Les trois premiers étages ont parfaitement fonctionné et ont placé le
Bloc L et la charge utile sur une orbite 223,5km x
327,6km x 64,95°. La charge utile était constituée de
la première sonde vénusienne de type
1VA.
Ce
lancement constitue en effet la première tentative
de l'humanité d'explorer la planète Vénus.
Malheureusement, le moteur du Bloc L ne parvient pas
à s'allumer, et la sonde ne peut pas quitter
l'orbite terrestre.
Les Soviétiques annoncent alors au
monde qu'ils ont placé un "satellite lourd" destiné
à préparer le développement de gros engins. En
Occident, l'ensemble Bloc L/1VA est baptisé
"Spoutnik 7". Pour suivre la sonde dans sa course,
plusieurs navires ont été déployés : le Dolinsk et
le Krasnodar dans le Golfe de Guinée, le Vorochilov
au large d'Alexandrie et le Sibir et le Soutchane
dans l'océan Pacifique.
La cause de l'échec est rapidement
identifiée. Le transformateur PT-200, qui alimente
en courant le système de contrôle du Bloc-L, a cessé
de fonctionner vers la fin du fonctionnement du
Bloc I.
La campagne de lancement
Lors de la préparation de la sonde,
un incident a bien faillit tourner à la catastrophe.

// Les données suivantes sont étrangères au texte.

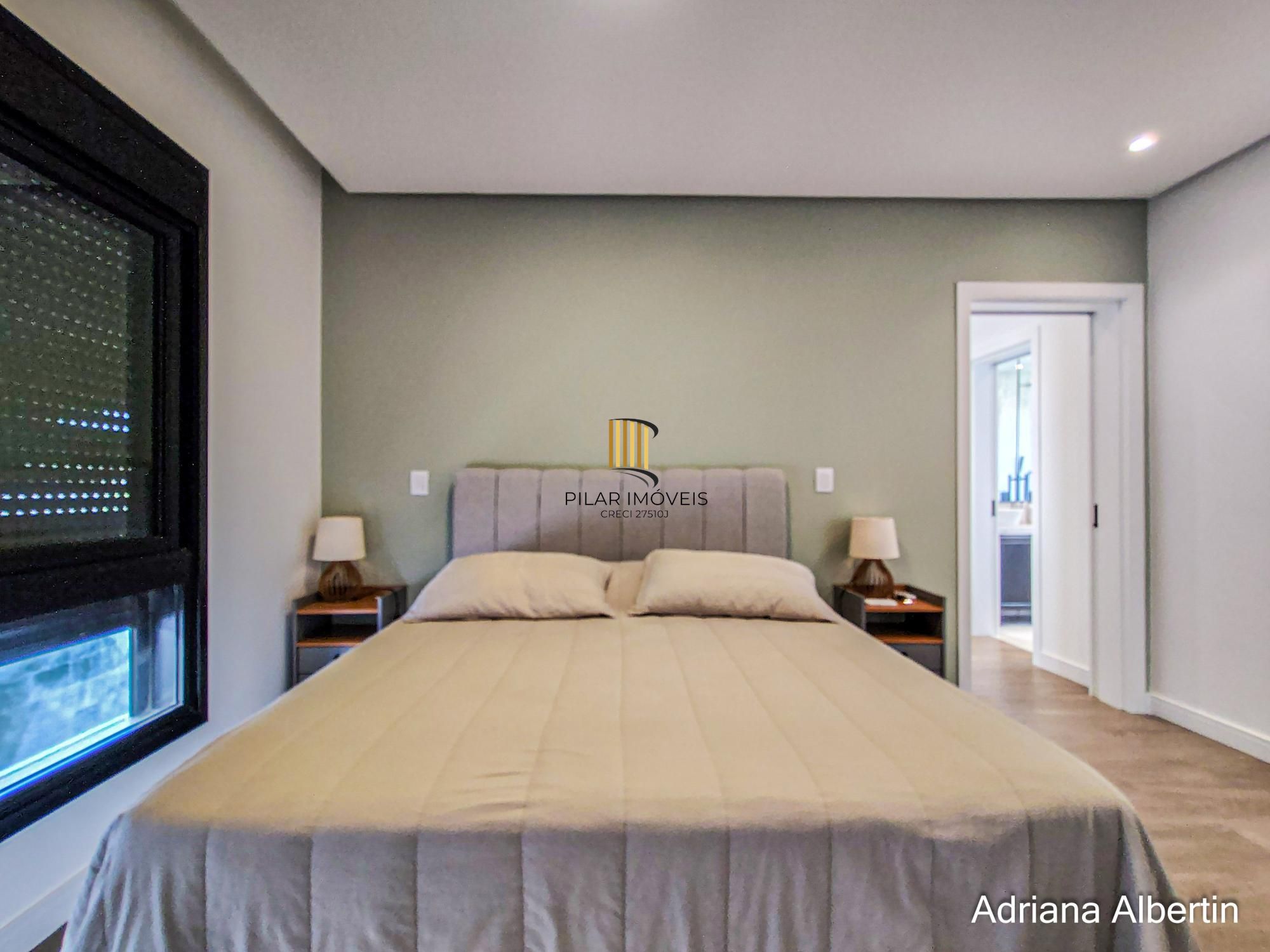 Casa com 345m², piscina e vista para o Guaiba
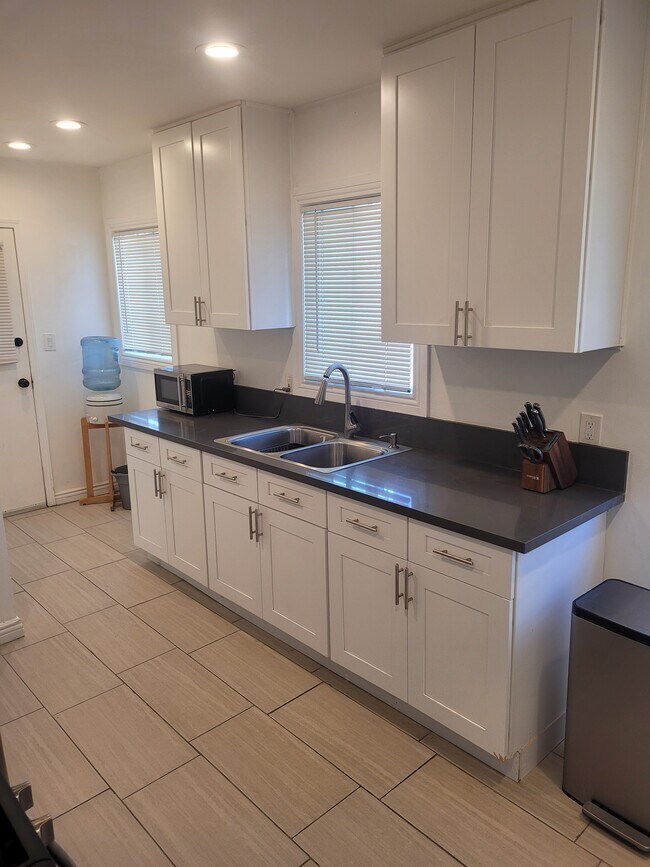Foto del edificio - 406 W 17th St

L'événement se passe le soir du 31 janvier 1961,
alors que, dans le MIK, les techniciens se préparent
au transfert du lanceur vers le pas de tir. Peu
avant 20h00 (heure locale) commence la phase où la
sonde
1VA, arrimée à un châssis, est mise à
l'horizontale puis saisie par une grue pour être
rattachée au quatrième étage du lanceur.
Soudainement, le système qui
transporte la sonde se met à faire un énorme bruit :
ce sont ses soupapes qui claquent en s'ouvrant et se
fermant à grande vitesse. Dans son mouvement,
l'appareil heurte à plusieurs reprises la réserve
d'azote comprimée. La situation est alors
extrêmement risquée, puisque les réservoirs de la
sonde sont remplis d'acide nitrique et de kérosène.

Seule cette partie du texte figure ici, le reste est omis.